▸ Goal of the exercise: Of all the lines below, return only those starting with the line holding "Image for Haazda" and going on through the line holding "MELONPAN MELODY【Royalty-Free Music】", exactly as written.

▸ Data listing:
╭──
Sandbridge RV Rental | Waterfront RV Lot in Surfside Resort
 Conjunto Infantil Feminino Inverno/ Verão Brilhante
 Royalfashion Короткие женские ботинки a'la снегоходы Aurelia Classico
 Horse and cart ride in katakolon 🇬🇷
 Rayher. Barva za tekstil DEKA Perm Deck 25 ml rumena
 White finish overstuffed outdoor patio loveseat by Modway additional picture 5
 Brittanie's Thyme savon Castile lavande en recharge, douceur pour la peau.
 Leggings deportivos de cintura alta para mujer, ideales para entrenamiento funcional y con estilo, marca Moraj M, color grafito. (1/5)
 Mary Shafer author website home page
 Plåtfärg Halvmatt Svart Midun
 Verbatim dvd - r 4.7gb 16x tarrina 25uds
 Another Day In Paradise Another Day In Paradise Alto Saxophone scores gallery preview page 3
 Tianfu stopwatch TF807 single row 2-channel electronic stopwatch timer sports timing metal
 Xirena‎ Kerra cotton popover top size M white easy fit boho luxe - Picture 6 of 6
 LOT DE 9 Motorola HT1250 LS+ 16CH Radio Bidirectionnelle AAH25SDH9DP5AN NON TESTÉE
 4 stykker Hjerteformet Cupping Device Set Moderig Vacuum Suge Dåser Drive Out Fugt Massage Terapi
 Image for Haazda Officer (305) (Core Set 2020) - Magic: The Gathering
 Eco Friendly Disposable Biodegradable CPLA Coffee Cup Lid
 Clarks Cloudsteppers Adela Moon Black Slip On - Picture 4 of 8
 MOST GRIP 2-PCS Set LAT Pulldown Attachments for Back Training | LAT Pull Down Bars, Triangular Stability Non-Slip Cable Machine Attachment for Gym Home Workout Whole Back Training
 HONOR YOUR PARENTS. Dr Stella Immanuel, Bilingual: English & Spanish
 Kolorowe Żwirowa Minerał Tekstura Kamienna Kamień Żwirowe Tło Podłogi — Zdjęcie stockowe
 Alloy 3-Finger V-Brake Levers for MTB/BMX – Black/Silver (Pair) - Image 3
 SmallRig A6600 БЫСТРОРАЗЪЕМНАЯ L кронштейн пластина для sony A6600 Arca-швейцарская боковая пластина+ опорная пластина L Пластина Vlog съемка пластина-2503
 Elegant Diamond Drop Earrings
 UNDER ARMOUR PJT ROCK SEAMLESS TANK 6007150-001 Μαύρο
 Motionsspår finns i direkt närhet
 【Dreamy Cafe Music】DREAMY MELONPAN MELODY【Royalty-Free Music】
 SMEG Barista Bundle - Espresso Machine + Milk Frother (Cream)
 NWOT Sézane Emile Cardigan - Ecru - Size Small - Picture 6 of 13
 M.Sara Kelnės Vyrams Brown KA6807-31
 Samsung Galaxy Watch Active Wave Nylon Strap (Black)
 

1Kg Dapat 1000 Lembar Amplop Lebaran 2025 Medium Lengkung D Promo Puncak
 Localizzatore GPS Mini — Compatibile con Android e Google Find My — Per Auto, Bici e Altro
╰──
▸ Result of this exercise:
 Image for Haazda Officer (305) (Core Set 2020) - Magic: The Gathering
 Eco Friendly Disposable Biodegradable CPLA Coffee Cup Lid
 Clarks Cloudsteppers Adela Moon Black Slip On - Picture 4 of 8
 MOST GRIP 2-PCS Set LAT Pulldown Attachments for Back Training | LAT Pull Down Bars, Triangular Stability Non-Slip Cable Machine Attachment for Gym Home Workout Whole Back Training
 HONOR YOUR PARENTS. Dr Stella Immanuel, Bilingual: English & Spanish
 Kolorowe Żwirowa Minerał Tekstura Kamienna Kamień Żwirowe Tło Podłogi — Zdjęcie stockowe
 Alloy 3-Finger V-Brake Levers for MTB/BMX – Black/Silver (Pair) - Image 3
 SmallRig A6600 БЫСТРОРАЗЪЕМНАЯ L кронштейн пластина для sony A6600 Arca-швейцарская боковая пластина+ опорная пластина L Пластина Vlog съемка пластина-2503
 Elegant Diamond Drop Earrings
 UNDER ARMOUR PJT ROCK SEAMLESS TANK 6007150-001 Μαύρο
 Motionsspår finns i direkt närhet
 【Dreamy Cafe Music】DREAMY MELONPAN MELODY【Royalty-Free Music】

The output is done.